Este año no habrá toros en Michoacán. El gobernador Bedolla y sus legisladores prohibieron la tauromaquia, presentando la medida como un gesto de progreso. Pero prohibir los toros no es un acto de compasión, ni de avance, es censura: un intento de reescribir los símbolos para esconder una realidad más dolorosa –la de un estado herido por la violencia, donde la muerte, en lugar de honrarse con liturgia, se padece.
Lo que ocurre en Michoacán es más que una prohibición: es una advertencia. Arendt lo explicó con lucidez, "el resultado de un reemplazo constante de la verdad por la mentira no es que las mentiras sean aceptadas como verdad, sino que el sentido con el cual nos orientamos en el mundo real queda destruido". Cuando el patrimonio cultural se suplanta por consignas, los ciudadanos pierden su brújula moral.
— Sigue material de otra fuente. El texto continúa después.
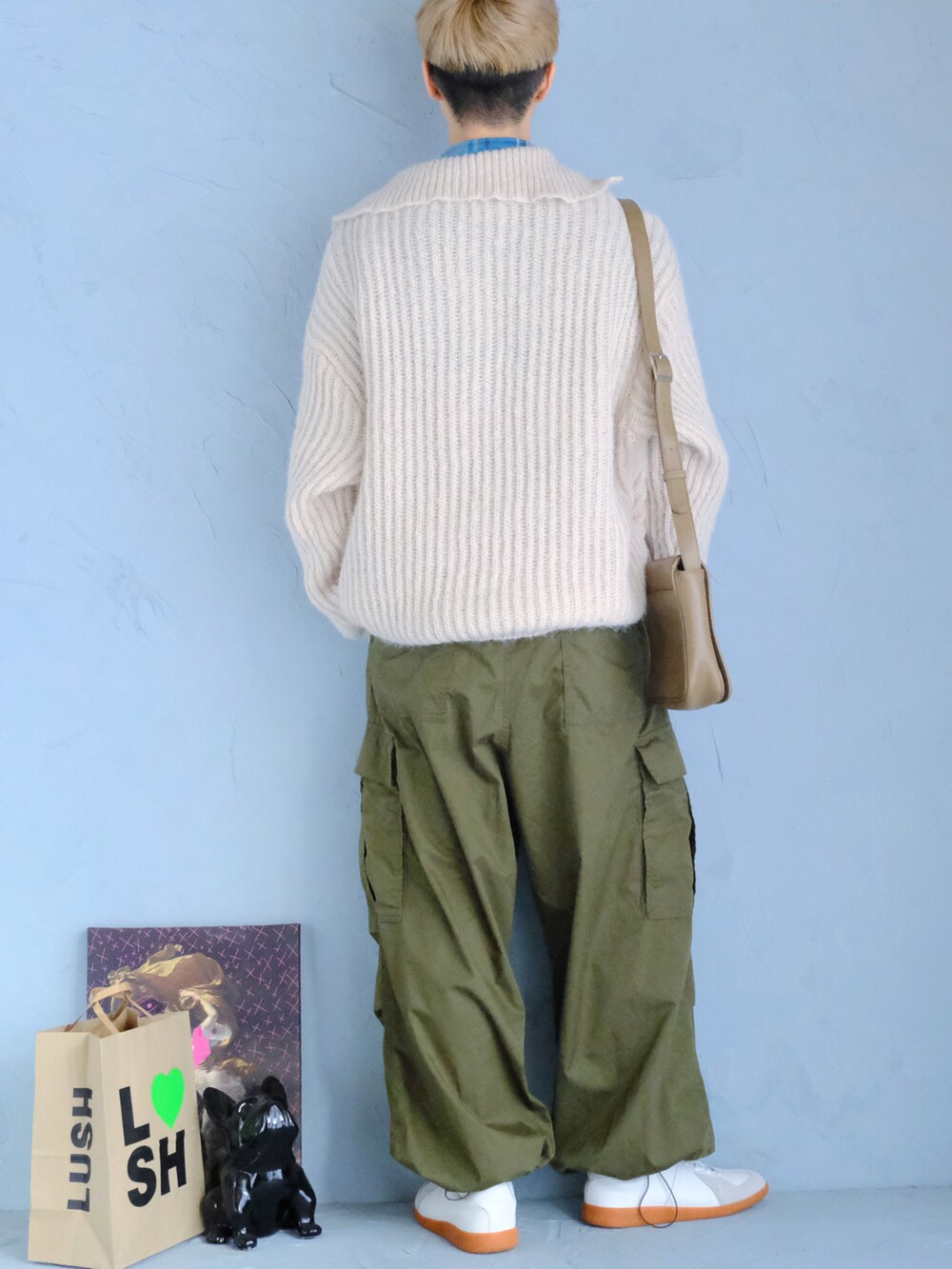 ホワイト系のスニーカー、グリーン系のパンツ、ベージュ系のショルダーバッグを着用したメンズの冬コーディネートの3枚目の写真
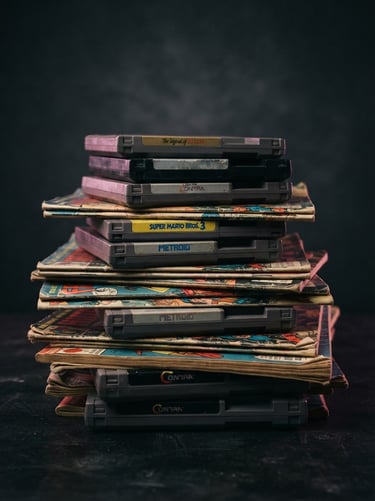 A curated stack of vintage game cartridges and retro comic books, illuminated by a subtle pink rim light on a dark charcoal background.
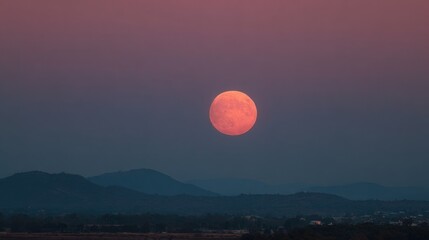 A full moon rises majestically above distant mountains during twilight, casting a warm glow over the tranquil landscape and enhancing the beauty of the evening sky.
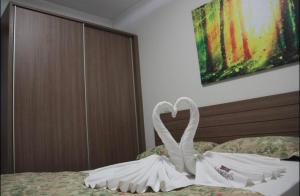 热河市FLAT VEREDAS RIO QUENTE Apto 113的床上用毛巾制成的天鹅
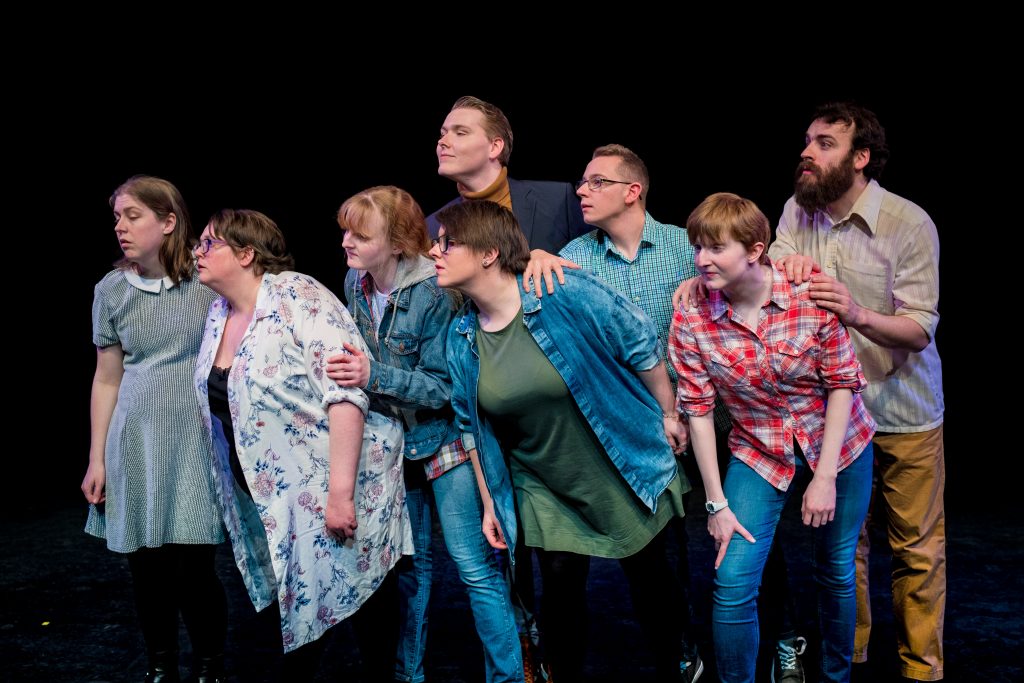 A mixed group of male and female actors stand on stage in a cluster. They are all looking off to their right, leaning in that direction.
Y, sin embargo, mientras aquí se reprime lo propio, el mundo lo celebra. Ilustro este texto con una imagen captada en Times Square: una catrina vestida de luces que desfiló en Manhattan como parte de una celebración oficial del Día de Muertos. Más allá del folclor, la escena revela algo esencial: lo que aquí se censura como anacrónico, afuera se honra como identidad.
Por eso este año no iré a Michoacán. Pero seguiré defendiendo lo nuestro. Porque perder la conciencia de la verdad sería seguirle el juego a los tiranos. Y frente a ellos, la única respuesta posible es seguir celebrando la vida, aunque sea desde lejos.